Da sprang Müller auf.

»Mensch! Hohenthal! Arthur! Ist es möglich? Diesen Kerl suche ich.«

»Willst Du eine Seiltänzergesellschaft etabliren?«

»Keinen Scherz! Die Sache ist von allergrößter Wichtigkeit. Erinnerst Du Dich, daß Onkel Goldberg seine beiden Knaben abhanden gekommen sind?«

»Natürlich! Alle Welt weiß das.«

»Nun, dieser Bajazzo ist es, der sie geraubt hat.«

»Donnerwetter! Wirklich?«

»Ganz zweifellos!«

»Herrgott! Das hätte ich wissen sollen.«

»Du hast ihn gesehen?«

»Sogar mit ihm verkehrt und mit ihm gesprochen und auch – Himmelschwerebrett – auch mit ihm getrunken!«

»Wo denn?«

»In Paris.«

»Das kann ich mir denken. Aber an welchem Orte?«

»Es nützt Dir nichts, den Ort zu hören, er ist von der Polizei zerstört worden. Es war in der Spitzbubenkneipe des Vaters Main. Ich ging als Incognitogauner hin, um meine Studien zu machen und zu horchen. Da verkehrte er.«

»Und jetzt?«

»Fort, weg.«

»Wohin?«

»Das weiß der Teufel! Herrgott, ich könnte mich beohrfeigen zehn Stunden lang! Das hätte ich wissen sollen. Was hat er denn hier in Thionville verbrochen?«

Müller erzählte den Mord der Seiltänzerin möglichst gedrungen, aber doch ausführlich genug und daran schloß Hohenthal den Bericht seiner Erlebnisse in Paris. Er war noch im Erzählen, da kehrte Marion de Sainte-Marie aus der Stadt zurück. Neben ihr im Wagen saß – Emma von Königsau. Marion hatte nicht mit Bitten nachgelassen, bis die so schnell und herzlich lieb gewonnene Freundin eingewilligt hatte, den Abend mit auf dem Schlosse zuzubringen.
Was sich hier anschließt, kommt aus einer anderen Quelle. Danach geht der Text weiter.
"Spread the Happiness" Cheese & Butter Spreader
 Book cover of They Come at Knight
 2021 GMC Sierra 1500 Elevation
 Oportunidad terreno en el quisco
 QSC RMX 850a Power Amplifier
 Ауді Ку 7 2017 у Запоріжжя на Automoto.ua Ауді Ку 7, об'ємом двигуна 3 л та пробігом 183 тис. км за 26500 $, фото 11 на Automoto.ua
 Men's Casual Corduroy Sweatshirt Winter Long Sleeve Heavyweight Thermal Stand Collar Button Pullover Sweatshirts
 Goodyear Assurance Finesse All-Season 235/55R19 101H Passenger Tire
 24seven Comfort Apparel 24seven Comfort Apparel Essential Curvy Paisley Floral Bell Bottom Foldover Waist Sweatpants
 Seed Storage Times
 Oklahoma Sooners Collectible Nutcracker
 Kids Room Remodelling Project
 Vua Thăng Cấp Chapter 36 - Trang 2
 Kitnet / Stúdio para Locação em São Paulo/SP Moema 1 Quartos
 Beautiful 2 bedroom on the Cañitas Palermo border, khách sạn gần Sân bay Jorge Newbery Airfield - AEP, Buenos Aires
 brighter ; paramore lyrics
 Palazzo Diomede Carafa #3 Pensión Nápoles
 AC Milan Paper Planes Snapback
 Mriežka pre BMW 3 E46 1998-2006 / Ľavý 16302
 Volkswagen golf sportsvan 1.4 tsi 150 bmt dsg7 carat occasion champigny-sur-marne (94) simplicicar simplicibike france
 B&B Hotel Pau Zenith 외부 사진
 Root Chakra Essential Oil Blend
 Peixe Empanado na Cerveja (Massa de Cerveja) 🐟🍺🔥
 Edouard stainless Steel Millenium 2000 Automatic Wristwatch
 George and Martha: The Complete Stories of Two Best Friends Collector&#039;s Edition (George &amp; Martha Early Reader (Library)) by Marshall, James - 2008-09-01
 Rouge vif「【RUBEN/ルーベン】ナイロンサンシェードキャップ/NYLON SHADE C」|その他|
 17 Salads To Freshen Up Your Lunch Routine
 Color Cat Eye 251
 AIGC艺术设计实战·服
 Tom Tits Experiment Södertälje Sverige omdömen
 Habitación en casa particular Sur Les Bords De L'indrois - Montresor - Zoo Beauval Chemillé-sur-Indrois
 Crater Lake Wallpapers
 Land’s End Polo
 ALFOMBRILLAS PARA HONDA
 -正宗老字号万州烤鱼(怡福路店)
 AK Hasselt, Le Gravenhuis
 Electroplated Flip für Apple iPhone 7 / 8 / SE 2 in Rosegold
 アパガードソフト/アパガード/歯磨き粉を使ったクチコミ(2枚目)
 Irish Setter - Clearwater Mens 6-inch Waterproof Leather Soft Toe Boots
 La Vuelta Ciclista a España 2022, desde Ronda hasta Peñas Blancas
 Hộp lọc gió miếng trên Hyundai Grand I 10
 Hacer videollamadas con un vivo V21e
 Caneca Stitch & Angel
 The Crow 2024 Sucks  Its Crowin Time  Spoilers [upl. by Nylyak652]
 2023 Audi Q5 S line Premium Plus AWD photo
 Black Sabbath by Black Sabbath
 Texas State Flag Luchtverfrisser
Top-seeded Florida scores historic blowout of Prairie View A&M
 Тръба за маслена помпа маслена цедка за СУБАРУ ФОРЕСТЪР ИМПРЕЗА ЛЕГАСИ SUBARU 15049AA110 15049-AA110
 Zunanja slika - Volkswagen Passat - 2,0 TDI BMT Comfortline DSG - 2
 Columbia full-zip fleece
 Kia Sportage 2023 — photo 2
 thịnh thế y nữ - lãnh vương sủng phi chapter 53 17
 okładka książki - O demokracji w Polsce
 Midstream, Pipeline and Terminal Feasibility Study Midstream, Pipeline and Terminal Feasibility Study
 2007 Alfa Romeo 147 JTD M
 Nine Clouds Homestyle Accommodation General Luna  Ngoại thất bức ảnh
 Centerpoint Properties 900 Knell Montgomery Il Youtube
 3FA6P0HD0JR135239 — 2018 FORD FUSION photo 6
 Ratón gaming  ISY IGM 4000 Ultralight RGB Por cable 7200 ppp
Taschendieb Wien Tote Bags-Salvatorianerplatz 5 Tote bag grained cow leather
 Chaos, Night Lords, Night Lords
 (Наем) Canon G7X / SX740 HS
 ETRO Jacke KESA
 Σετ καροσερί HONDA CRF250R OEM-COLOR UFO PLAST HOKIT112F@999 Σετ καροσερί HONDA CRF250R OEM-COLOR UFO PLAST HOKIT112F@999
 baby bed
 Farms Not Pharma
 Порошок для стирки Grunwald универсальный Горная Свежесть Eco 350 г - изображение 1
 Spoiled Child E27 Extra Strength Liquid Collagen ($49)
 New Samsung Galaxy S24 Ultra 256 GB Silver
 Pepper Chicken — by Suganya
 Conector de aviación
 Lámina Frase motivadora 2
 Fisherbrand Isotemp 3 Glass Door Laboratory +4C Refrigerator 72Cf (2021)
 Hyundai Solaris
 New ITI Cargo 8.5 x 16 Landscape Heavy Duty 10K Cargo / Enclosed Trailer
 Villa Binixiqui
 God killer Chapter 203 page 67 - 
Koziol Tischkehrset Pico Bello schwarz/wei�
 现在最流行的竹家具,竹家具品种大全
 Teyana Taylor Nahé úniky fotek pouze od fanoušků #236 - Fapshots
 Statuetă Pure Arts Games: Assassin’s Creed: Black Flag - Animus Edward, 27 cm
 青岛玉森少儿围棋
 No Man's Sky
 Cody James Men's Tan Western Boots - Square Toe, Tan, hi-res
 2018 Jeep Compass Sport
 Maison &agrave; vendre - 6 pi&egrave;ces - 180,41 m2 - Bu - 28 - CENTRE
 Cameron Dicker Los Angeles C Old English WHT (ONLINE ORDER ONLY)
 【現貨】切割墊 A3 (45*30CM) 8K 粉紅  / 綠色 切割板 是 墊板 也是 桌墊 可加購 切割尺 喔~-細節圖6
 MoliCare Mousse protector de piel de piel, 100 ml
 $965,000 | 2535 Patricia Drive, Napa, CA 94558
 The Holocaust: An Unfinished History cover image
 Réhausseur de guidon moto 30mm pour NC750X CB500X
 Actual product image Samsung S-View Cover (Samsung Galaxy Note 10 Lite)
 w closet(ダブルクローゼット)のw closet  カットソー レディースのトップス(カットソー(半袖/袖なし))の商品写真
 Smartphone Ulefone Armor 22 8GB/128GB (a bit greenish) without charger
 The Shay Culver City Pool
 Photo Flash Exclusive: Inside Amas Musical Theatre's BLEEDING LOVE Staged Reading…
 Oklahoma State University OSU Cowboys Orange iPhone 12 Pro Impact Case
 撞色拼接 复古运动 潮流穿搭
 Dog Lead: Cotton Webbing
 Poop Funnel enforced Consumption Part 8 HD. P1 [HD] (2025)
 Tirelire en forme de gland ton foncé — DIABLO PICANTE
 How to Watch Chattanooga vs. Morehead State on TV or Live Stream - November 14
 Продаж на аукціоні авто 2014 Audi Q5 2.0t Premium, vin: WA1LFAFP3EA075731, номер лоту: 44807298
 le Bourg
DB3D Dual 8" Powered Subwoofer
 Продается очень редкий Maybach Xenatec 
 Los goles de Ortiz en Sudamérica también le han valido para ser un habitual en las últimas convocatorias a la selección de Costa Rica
Sie konnten im Vorüberfahren nicht in die grünumrankte Laube blicken, während die beiden Männer deutlich sahen, wer im Wagen saß. Hohenthal sprang auf.

»Sieh, Richard, sieh!« rief er ernsthaft aus.

»Was denn?« fragte Müller trocken.

»Das war die Baronesse wieder.«

»Nun ja! Du bist ja ganz und gar in Extase.«

»Hast Du denn die Andere gesehen?«

»Ja.«

»Kanntest Du sie?«

»Du etwa?«

»Natürlich! Mensch, das war ja Deine Schwester.«

»Allerdings.«

Hohenthal machte ein Gesicht, als ob er befürchte, daß der Freund verrückt geworden sei.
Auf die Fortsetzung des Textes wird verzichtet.